[Start of section]
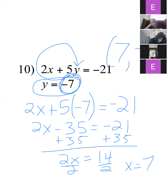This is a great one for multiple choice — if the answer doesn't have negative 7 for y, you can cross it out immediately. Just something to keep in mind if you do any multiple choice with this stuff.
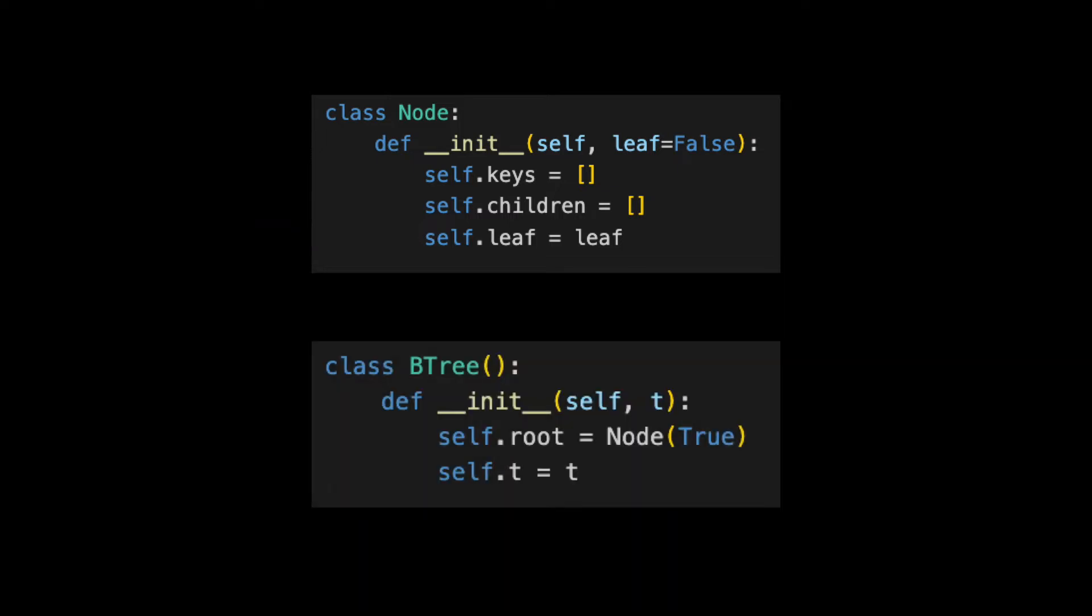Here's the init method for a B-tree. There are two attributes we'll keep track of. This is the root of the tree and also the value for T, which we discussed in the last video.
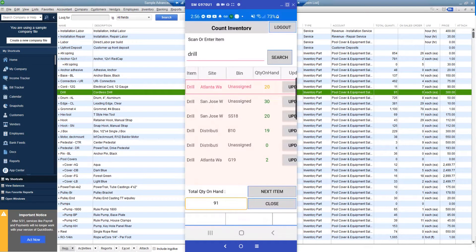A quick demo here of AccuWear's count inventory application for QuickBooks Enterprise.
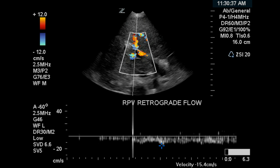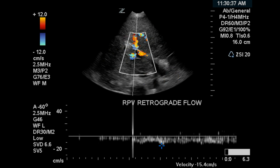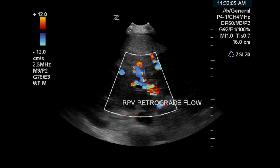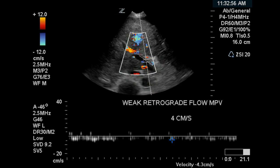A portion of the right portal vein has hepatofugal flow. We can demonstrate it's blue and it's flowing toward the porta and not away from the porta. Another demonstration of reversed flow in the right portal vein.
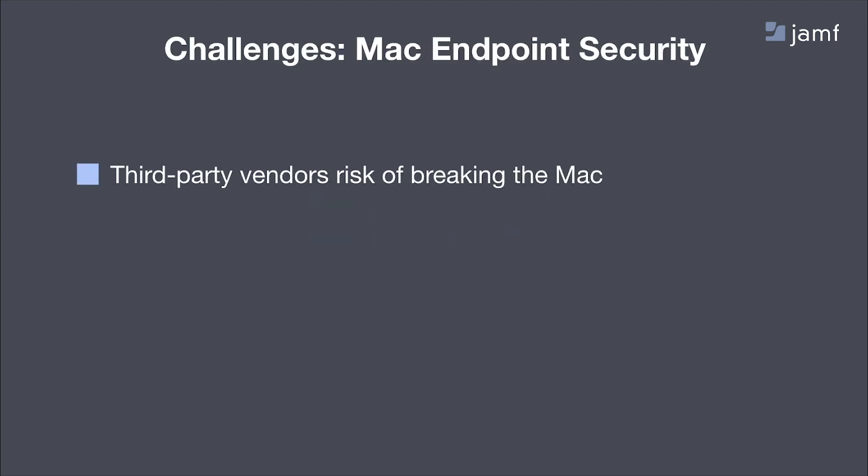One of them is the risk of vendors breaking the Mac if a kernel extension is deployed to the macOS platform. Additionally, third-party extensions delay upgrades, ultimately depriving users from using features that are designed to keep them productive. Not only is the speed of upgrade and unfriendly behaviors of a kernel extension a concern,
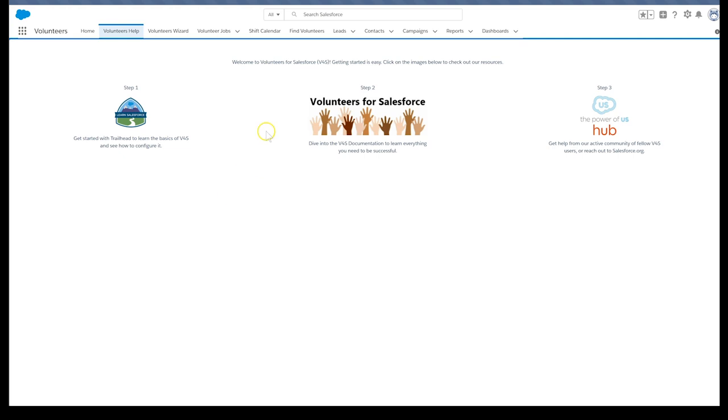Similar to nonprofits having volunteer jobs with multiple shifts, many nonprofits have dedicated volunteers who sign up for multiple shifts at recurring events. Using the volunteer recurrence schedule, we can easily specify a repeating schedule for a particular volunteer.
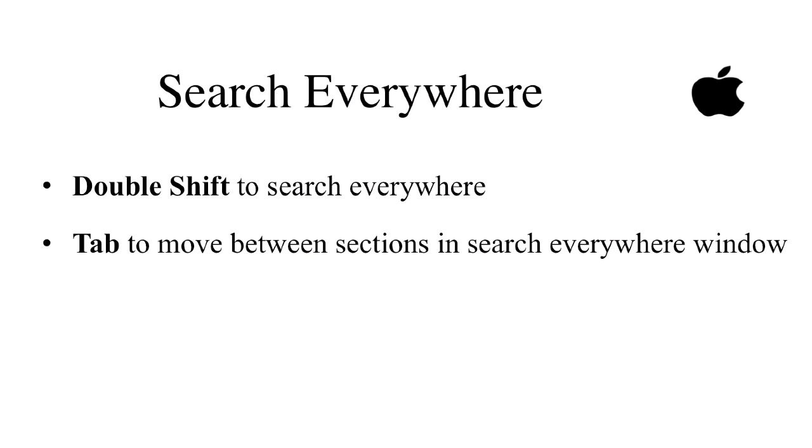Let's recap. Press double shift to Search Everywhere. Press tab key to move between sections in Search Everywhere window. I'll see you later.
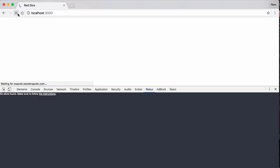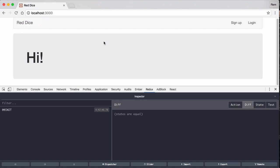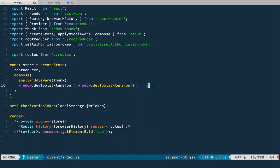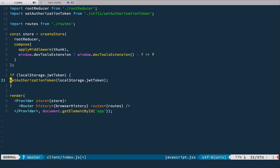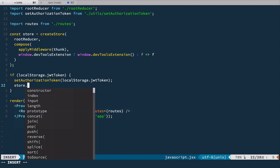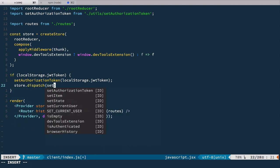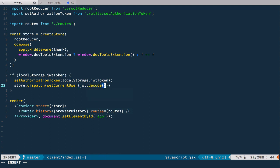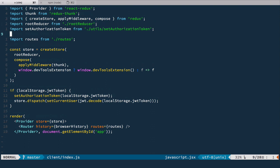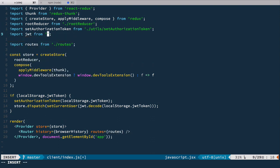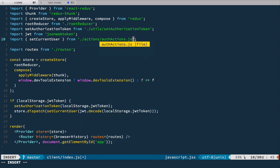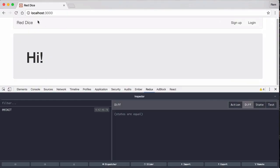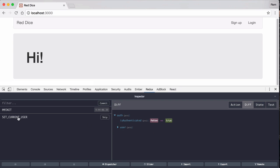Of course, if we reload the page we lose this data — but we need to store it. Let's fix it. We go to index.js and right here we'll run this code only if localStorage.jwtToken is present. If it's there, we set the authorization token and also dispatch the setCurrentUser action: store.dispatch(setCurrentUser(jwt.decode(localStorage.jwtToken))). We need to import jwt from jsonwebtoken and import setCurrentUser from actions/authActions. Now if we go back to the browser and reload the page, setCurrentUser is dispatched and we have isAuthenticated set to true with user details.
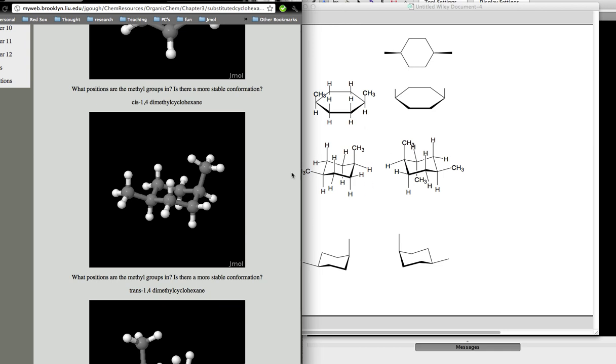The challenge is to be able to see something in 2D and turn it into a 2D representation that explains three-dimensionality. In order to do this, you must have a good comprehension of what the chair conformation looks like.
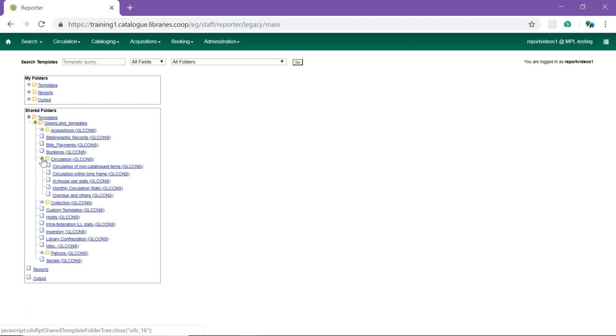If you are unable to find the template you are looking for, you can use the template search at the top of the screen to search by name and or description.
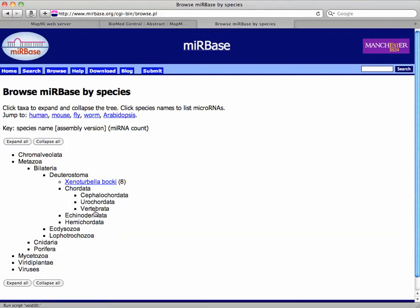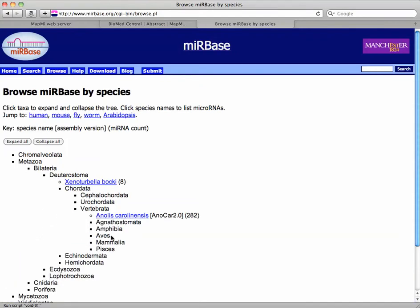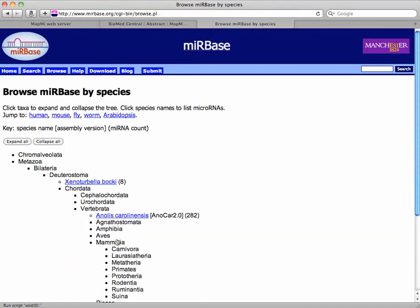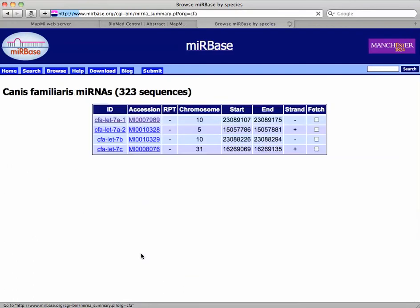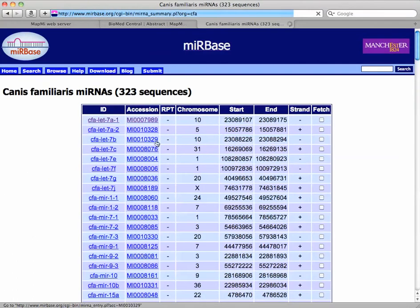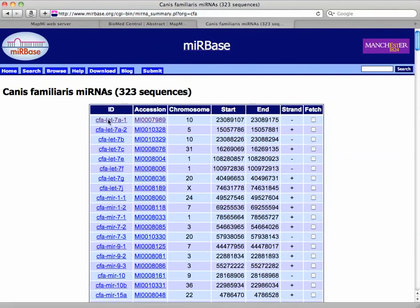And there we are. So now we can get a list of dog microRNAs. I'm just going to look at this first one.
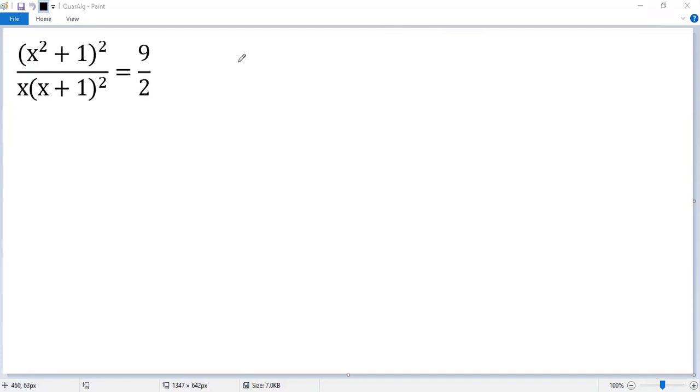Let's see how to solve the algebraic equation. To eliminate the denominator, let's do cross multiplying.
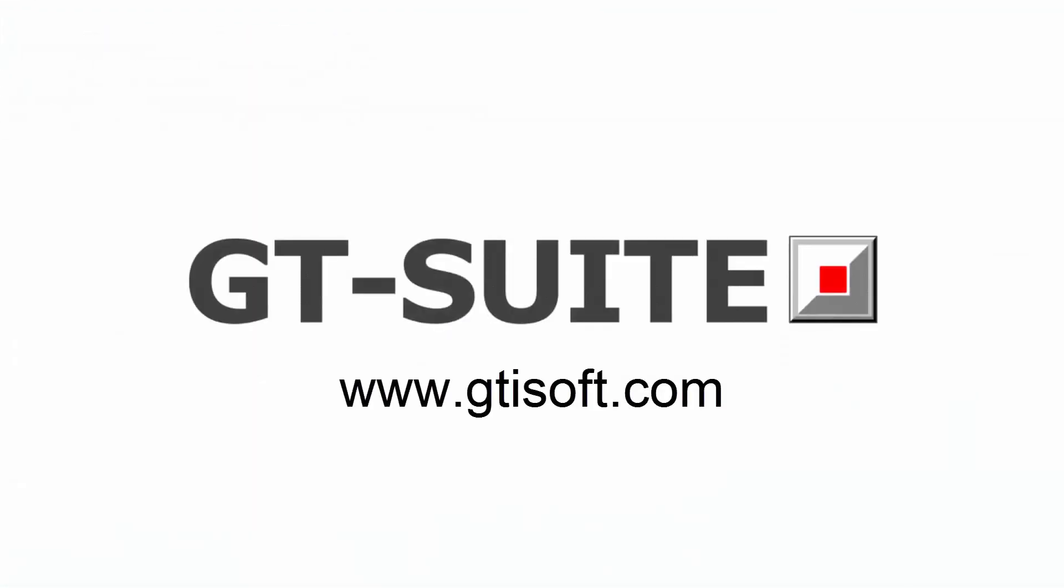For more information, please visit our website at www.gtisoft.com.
[End of section]
● **EXERCISE OBJECTIVE**:
Word for word, restate the lines above from the first through the one that contains "A quick demo", and exclude all pictures.

● **TASK OUTPUT**:
This is a great one for multiple choice — if the answer doesn't have negative 7 for y, you can cross it out immediately. Just something to keep in mind if you do any multiple choice with this stuff.
Here's the init method for a B-tree. There are two attributes we'll keep track of. This is the root of the tree and also the value for T, which we discussed in the last video.
A quick demo here of AccuWear's count inventory application for QuickBooks Enterprise.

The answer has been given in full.